Ron était choqué par ce qu'il voyait. Jamais il n'aurait put imaginer Hermione aussi faible que maintenant. En la voyant ainsi, tous ses doutes s'envolèrent, laissant juste un sentiment de remord envahir sa poitrine, lui serrant le cœur. Etait-il responsable de ce désastre ? Ses accusations avait-il conduit à ça ? Elle avait l'air si innocente à ce moment là. Etait-ce ses sentiments qui l'avaient vraiment aveuglé au point d'oublier qui était la vraie Hermione Granger ? L'Hermione qui avait toujours été là pour eux, avec eux dans les pires situations. Harry avait raison. Elle ne pouvait pas les avoir trahis.

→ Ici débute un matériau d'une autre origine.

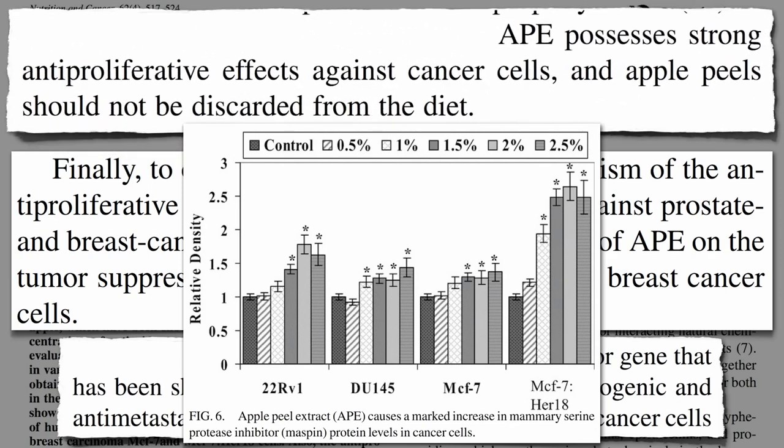They conclude apple peels may possess strong anti-proliferative effects against cancer cells, and they should not be discarded from the diet.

Rien que sa condition d'enfant de moldu n'aurait pas jouer en sa faveur pour rejoindre le camp adverse. Le Seigneur des Ténèbres ne se serait jamais abaisser à faire ça. Mais qu'est-ce qui c'était passé alors ? Il y avait quelque chose c'était sûr mais quoi ? Une autre larme coulant sur la joue de la lionne eut raison de lui. Il en oublia toutes ses interrogations.

- Hermione ! cria-t-il au bout d'un moment en se jetant à ses pieds.

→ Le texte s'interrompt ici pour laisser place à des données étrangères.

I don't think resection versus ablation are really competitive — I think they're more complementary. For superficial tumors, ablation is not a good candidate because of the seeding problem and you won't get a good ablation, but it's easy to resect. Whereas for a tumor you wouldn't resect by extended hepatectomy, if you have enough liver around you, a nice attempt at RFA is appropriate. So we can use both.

Il la regarda dans les yeux pendant un instant avant d'essuyer de son pouce les larmes qui marquaient ses joues. Hermione ne savait pas quoi faire face à lui avec ce qu'elle avait entendu mais quand le rouquin lui sourit comme il l'avait toujours fait auparavant, elle ne put s'empêcher de lui sauter dans les bras. Une douce chaleur envahie son cœur. Ron ne lui en voulait plus enfin elle l'espérait. Elle savait qu'ils devaient s'expliquer. Que le moment était enfin arrivé. Elle ne pouvait plus faire machine arrière. Elle s'écarta de Ron pour le regarder. Aucun sentiment négatif ne se lisait sur son visage. Elle en fut soulagée. Alors elle tourna la tête vers Harry. Son visage fermé et ses yeux brillant, comme s'il allait pleurer, lui fit comprendre qu'il était au courant. Mais au courant de quoi exactement ? Elle se leva, aidée par Ron, essuya les dernières larmes qui persistait et s'avança vers lui, déterminée, en gardant le silence. Et sans plus de cérémonie, elle se jeta aussi dans ses bras. Harry se sentait soulagé lui aussi de la tournure des choses et l'avoir dans ses bras le réconfortait. Mais son regard … Il le dérangeait car il ne comprenait plus. Il la pensait détruite par Nott mais là, malgré les larmes, elle avait tout d'une battante. Une nouvelle motivation avait envahi ses yeux bruns. Elle était redevenue celle qu'il connaissait. Celle qu'il considérait comme sa petite sœur. Il était perdu. Il voulu poser les questions qui tourbillonnaient dans sa tête quand elle lui prit la main et le tira vers Ron pour faire de même avec lui. Elle avait décidé de leur parler mais bien au calme dans la salle commune des Préfets-en-Chef. Elle savait Blaise absent, ils seraient tranquilles. Arrivée devant le tableau, elle souffla le mot de passe et entra avec les deux autres à sa suite. Harry et Ron rejoignirent le canapé tandis qu'Hermione se tourna vers la cheminée réfléchissant à ce qu'elle pouvait dire ou non. Mais elle voulait d'abord éclaircir ce que savait Harry.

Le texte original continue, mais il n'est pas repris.